■ TASK PROMPT: Reproduce the listing below word for word, with no pictures.

■ RECORD EXTRACTS:
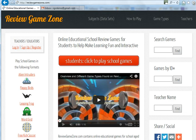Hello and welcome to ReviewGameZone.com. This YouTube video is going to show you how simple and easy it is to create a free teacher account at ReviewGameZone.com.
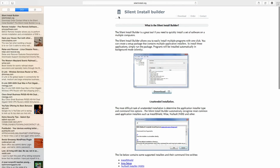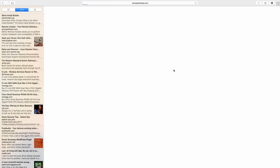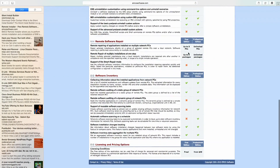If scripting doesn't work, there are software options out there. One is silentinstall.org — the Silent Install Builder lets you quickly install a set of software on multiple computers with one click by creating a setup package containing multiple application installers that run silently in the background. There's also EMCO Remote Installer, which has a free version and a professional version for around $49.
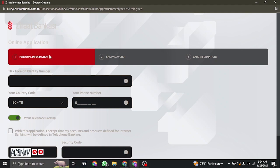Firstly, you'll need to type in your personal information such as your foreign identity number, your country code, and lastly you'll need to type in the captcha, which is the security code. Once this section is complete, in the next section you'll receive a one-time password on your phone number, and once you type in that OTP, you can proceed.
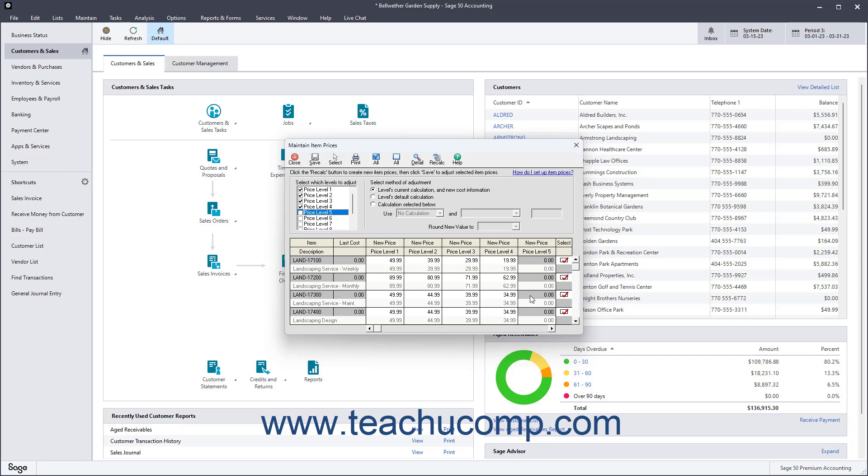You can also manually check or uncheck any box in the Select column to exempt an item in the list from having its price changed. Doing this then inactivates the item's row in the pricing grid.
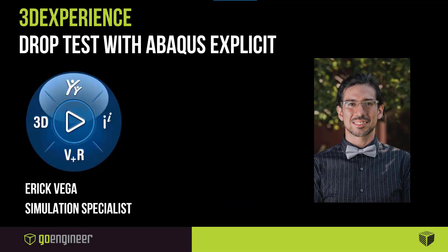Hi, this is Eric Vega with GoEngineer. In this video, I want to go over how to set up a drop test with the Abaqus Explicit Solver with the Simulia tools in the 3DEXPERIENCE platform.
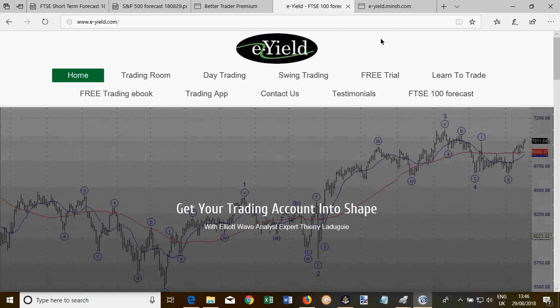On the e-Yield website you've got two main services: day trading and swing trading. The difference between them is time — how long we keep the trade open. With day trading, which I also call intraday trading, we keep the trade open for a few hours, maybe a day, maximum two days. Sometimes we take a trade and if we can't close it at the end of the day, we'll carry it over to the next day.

■ WORKED SOLUTION:
Hello and welcome to ReviewGameZone.com. This YouTube video is going to show you how simple and easy it is to create a free teacher account at ReviewGameZone.com.
If scripting doesn't work, there are software options out there. One is silentinstall.org — the Silent Install Builder lets you quickly install a set of software on multiple computers with one click by creating a setup package containing multiple application installers that run silently in the background. There's also EMCO Remote Installer, which has a free version and a professional version for around $49.
Firstly, you'll need to type in your personal information such as your foreign identity number, your country code, and lastly you'll need to type in the captcha, which is the security code. Once this section is complete, in the next section you'll receive a one-time password on your phone number, and once you type in that OTP, you can proceed.
You can also manually check or uncheck any box in the Select column to exempt an item in the list from having its price changed. Doing this then inactivates the item's row in the pricing grid.
Hi, this is Eric Vega with GoEngineer. In this video, I want to go over how to set up a drop test with the Abaqus Explicit Solver with the Simulia tools in the 3DEXPERIENCE platform.
On the e-Yield website you've got two main services: day trading and swing trading. The difference between them is time — how long we keep the trade open. With day trading, which I also call intraday trading, we keep the trade open for a few hours, maybe a day, maximum two days. Sometimes we take a trade and if we can't close it at the end of the day, we'll carry it over to the next day.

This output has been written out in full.